[pypy-dev] Objects and types in the stdobjspace

Armin Rigo arigo at tunes.org
Sat Jun 7 15:00:50 CEST 2003


Hello Holger,

On Sat, Jun 07, 2003 at 08:51:51AM +0200, holger krekel wrote:
> Btw, could someone from the Sweden sprint crew post some
> notes about how the current pypy-source tree can be used? What is
> expected to work (or if that list is shorter: what does not work :-).

I would like to put this information in the Wiki, but I begin to feel confused
with the page names. There are quite a lot of pages with similar intent but
different names or vice-versa, and the name "sprint" generally refers to the
goals or results of one of the sprints, without any logic to know which one.  
Just browse RecentChanges to see what I mean.

We should really name the sprints, e.g. HildesheimSprint and GothenburgSprint.
Can we rename or delete pages ? (Maybe via the svn repository containing the
wiki instance ?)

> - how the new test-machinery works so i can make sure that i 
>   don't break big stuff while trying to fix/play around 

pypy/testall.py runs all the tests, using the object space specified in the
environment variable OBJSPACE -- which must be exactly
pypy.objspace.std.StdObjSpace to use the standard object space; the trivial
object space is used otherwise.

pypy/testwice.py is a hack around the previous one to run all the tests in 
both object spaces.

The individual .../test/test_xxx.py files are still runnable. There is a 
testsupport.py file in all test directories for glueing purposes; running it 
directly should execute all the tests in that directory.

> - a recap of the current StdObjsSpace registration/multimethod
>   mechanisms.

The W_XxxObject classes of the standard object space are, precisely,
*implementations* of objects.
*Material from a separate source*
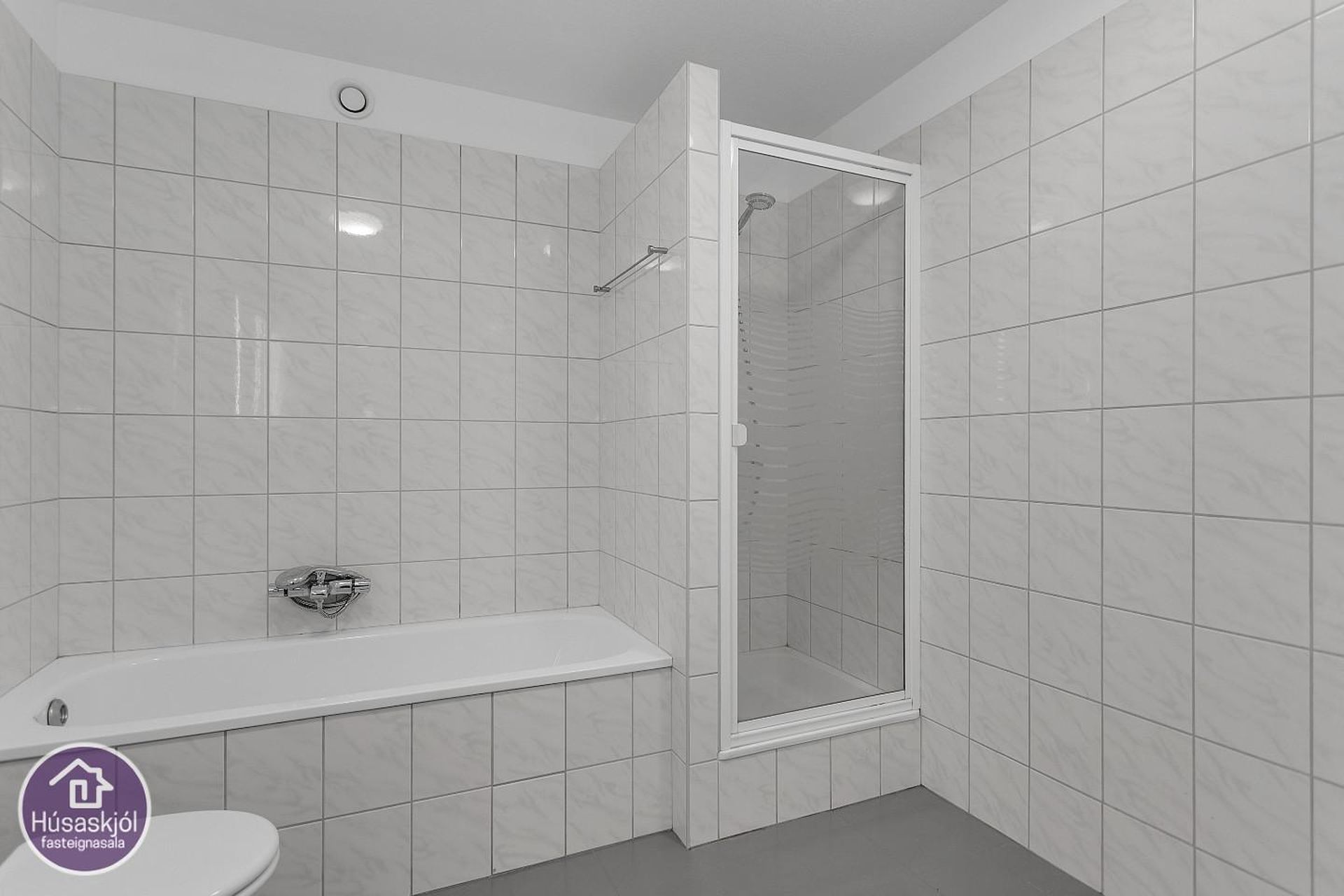 Jötnaborgir 12, 112 Reykjavík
This is not the same as the *type* of the
object. It is possible to provide several implementations for the same type
(the user should not see the difference, though). Typical uses of this would
be to hide the int/long disctinction to the user altogether, or more
interestingly to provide more efficient versions of the data structures like
string, list or dict when they become large. 

For example, a complex string implementation can allow constant-time
concatenation. (This would allow algorithms that build a long string to use +=
instead of the less readable trick of storing small strings in a list and
calling ''.join(list) at the end.)  But the simple strings of CPython are much
better for the typical short strings, hence we really need both.

The register() method of a multimethod registers a function that accepts
arguments with a particular *implementation*, and not a particular *type*.  
This is clear in your type_repr() :

>     def type_repr(space, w_obj):
>         return space.wrap("<type '%s'>" % w_obj.typename)

This is the repr() for W_TypeObject's, i.e. for types that are implemented as
a W_TypeObject instance. The W_TypeObject class defines the 'typename'
attribute, so you can read it there. If we had another different
implementation for types the above type_repr() would not apply to it.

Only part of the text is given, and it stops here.